Action item: Copy, word for word, the lines of the listing below from the line with "Step 1: Check" up to and including the line with "And then what". Drop the pictures.

Data under study:
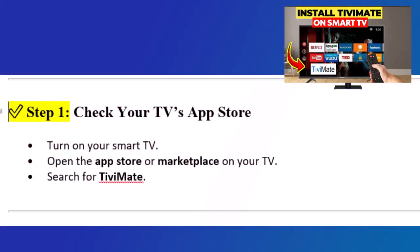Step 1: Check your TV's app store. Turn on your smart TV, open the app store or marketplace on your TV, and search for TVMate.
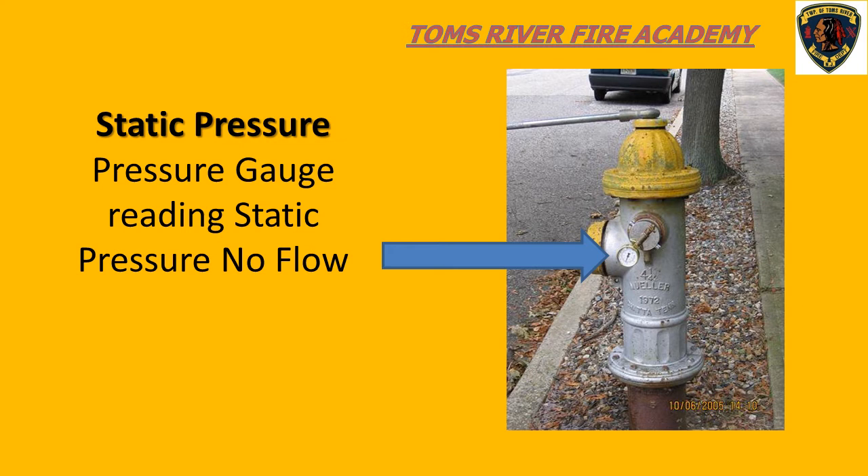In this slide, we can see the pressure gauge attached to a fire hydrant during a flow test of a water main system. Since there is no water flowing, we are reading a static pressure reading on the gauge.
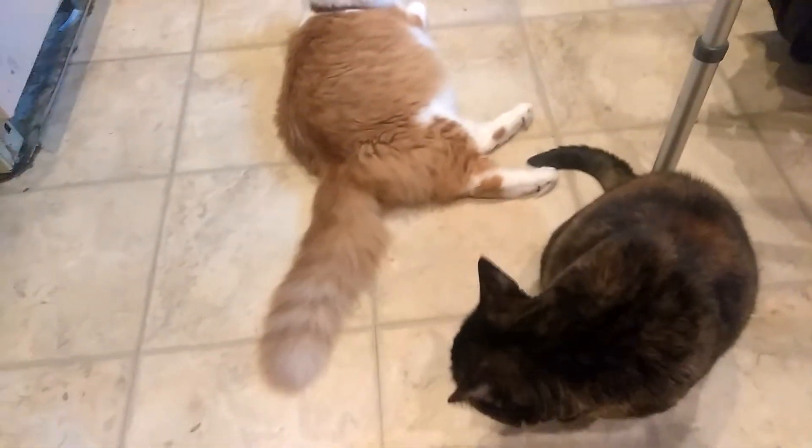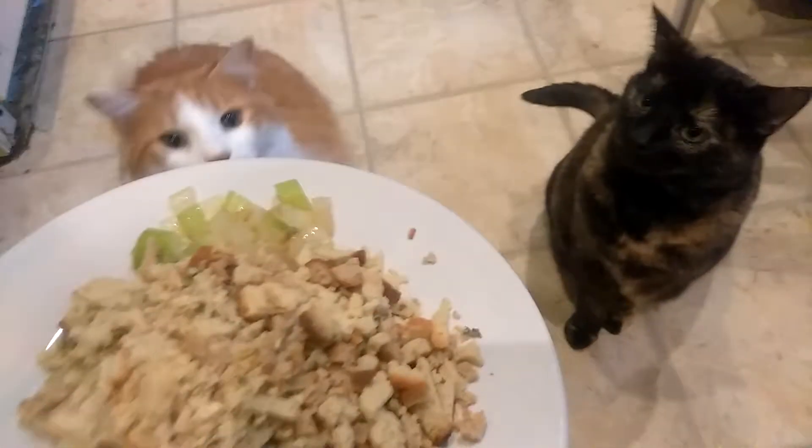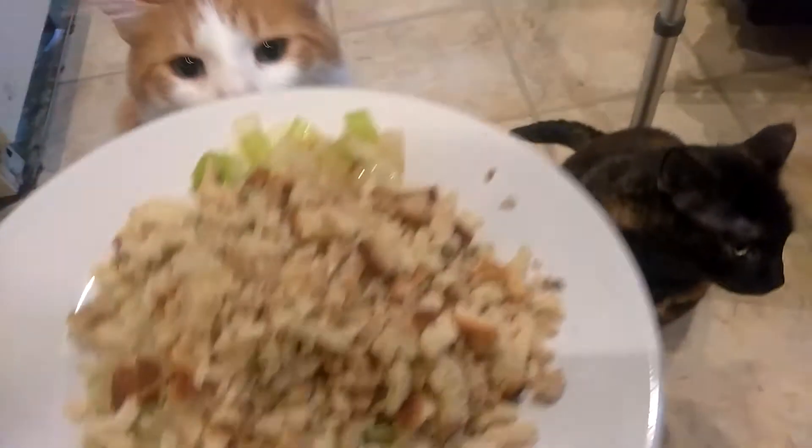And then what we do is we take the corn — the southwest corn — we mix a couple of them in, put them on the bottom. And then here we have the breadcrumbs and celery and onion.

* * *

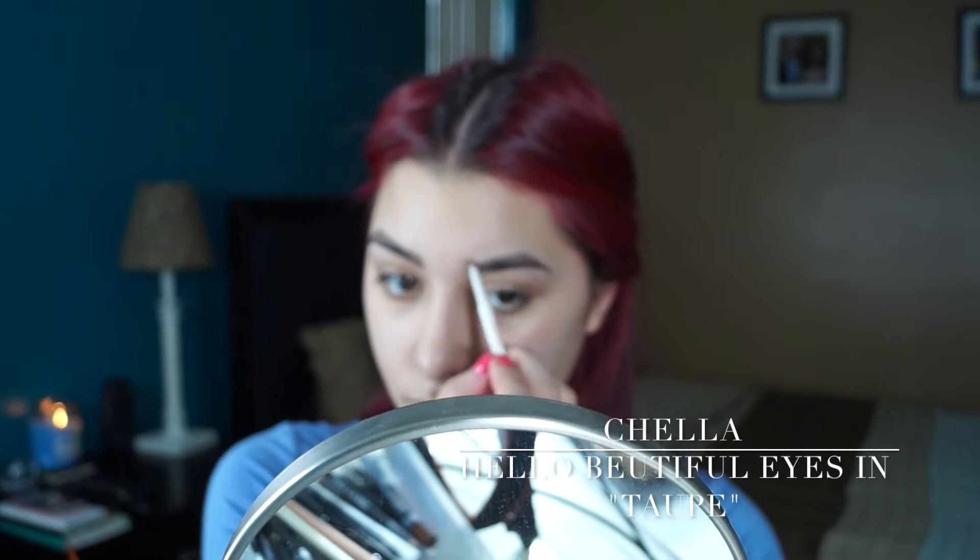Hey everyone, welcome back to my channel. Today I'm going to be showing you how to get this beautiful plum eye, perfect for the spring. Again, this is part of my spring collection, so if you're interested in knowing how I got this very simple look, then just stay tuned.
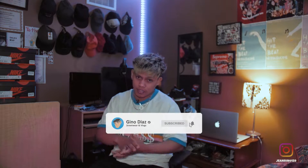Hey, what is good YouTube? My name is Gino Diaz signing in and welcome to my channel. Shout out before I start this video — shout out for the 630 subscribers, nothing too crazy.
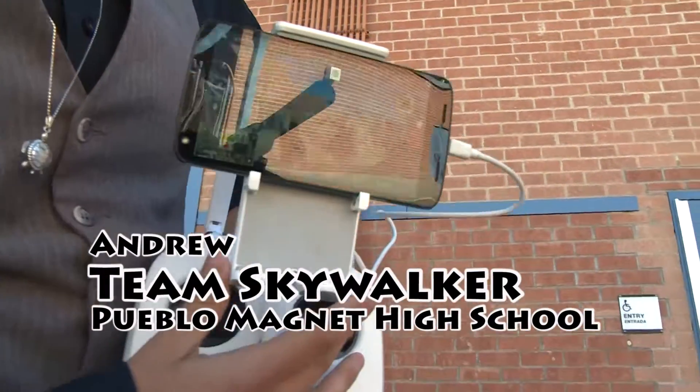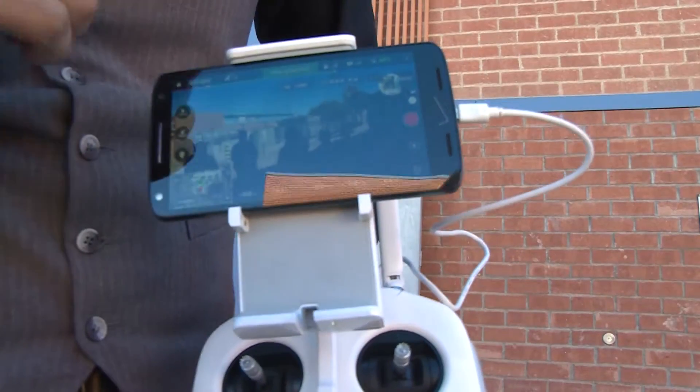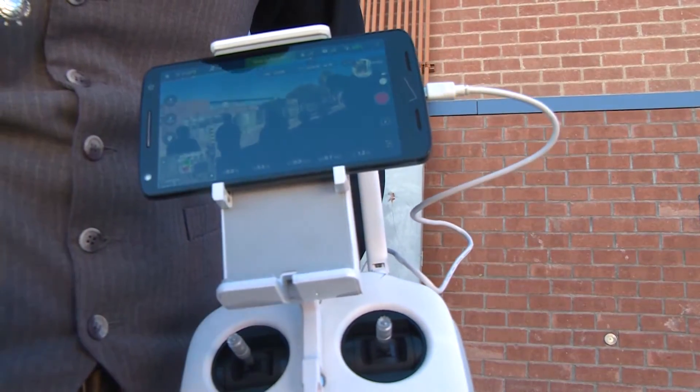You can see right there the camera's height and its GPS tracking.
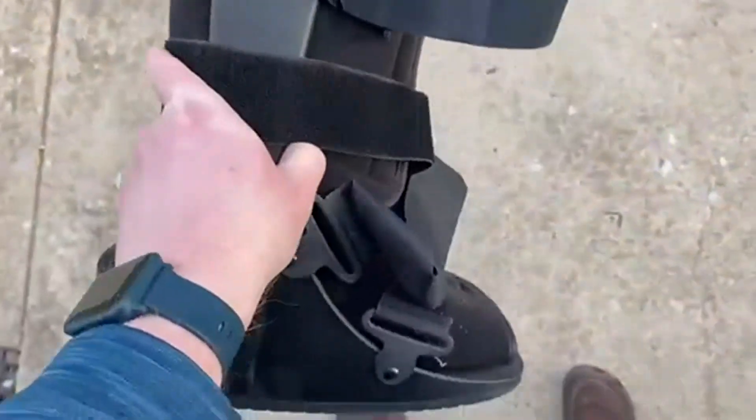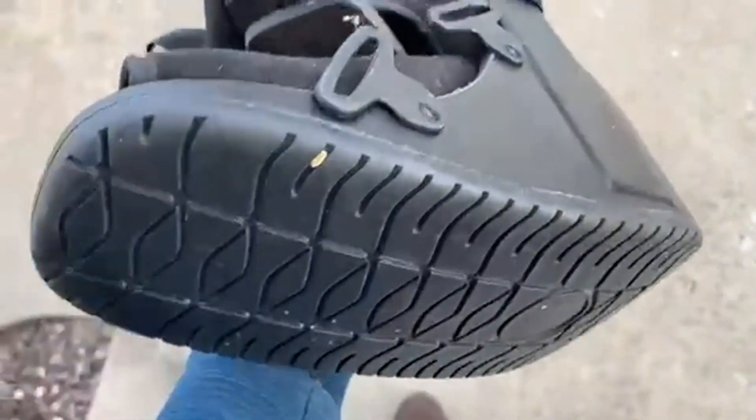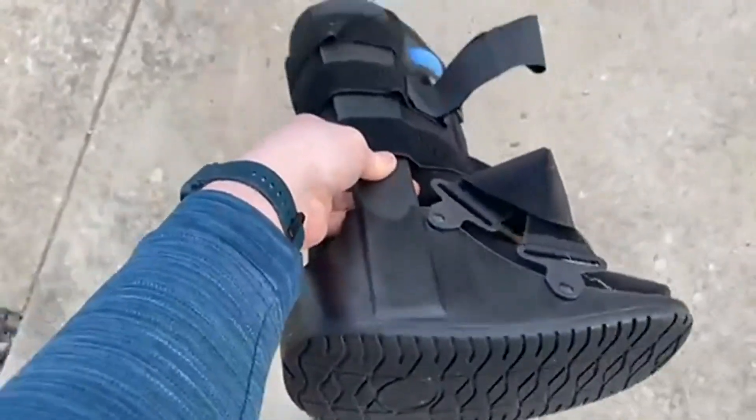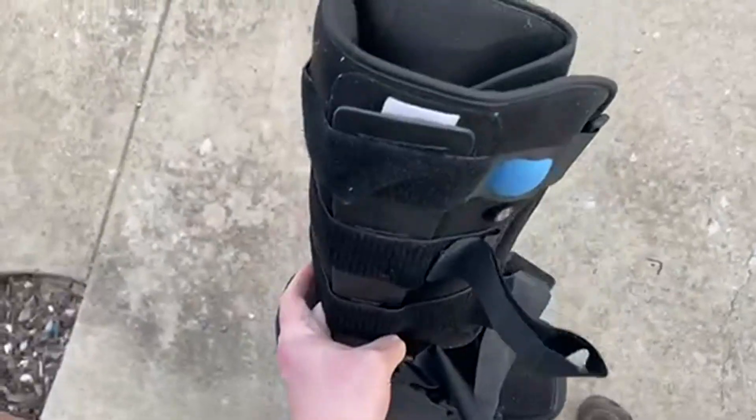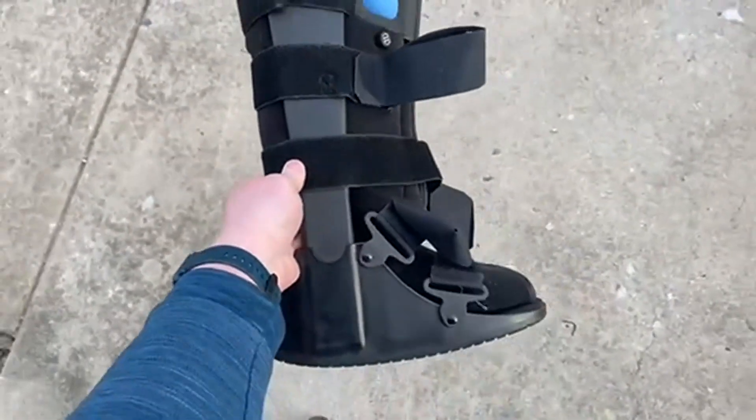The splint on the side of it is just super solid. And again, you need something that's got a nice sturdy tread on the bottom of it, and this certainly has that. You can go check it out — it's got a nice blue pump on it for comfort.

...

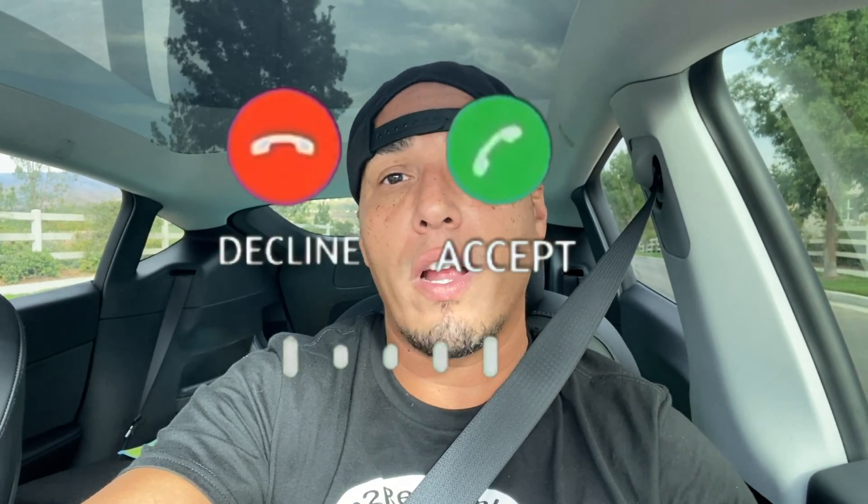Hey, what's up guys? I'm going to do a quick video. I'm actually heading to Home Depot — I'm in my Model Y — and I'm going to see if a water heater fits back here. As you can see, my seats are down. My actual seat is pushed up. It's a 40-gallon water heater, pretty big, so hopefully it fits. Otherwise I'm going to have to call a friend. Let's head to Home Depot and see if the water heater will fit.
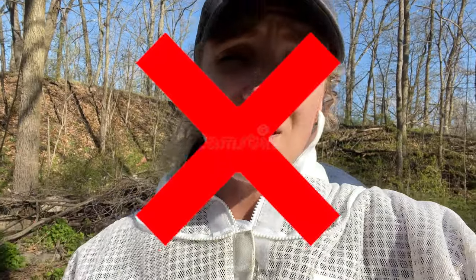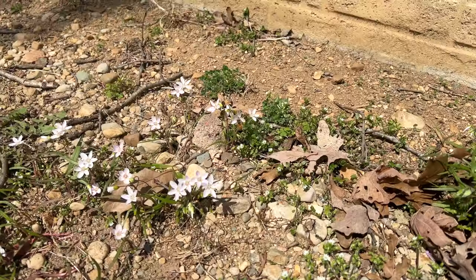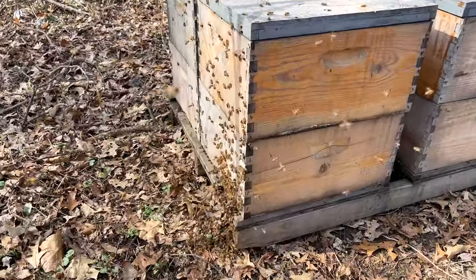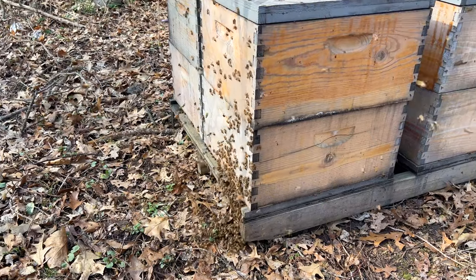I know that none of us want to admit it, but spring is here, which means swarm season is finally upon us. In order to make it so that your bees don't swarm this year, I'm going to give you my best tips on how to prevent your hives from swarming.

Reply:
Step 1: Check your TV's app store. Turn on your smart TV, open the app store or marketplace on your TV, and search for TVMate.
In this slide, we can see the pressure gauge attached to a fire hydrant during a flow test of a water main system. Since there is no water flowing, we are reading a static pressure reading on the gauge.
And then what we do is we take the corn — the southwest corn — we mix a couple of them in, put them on the bottom. And then here we have the breadcrumbs and celery and onion.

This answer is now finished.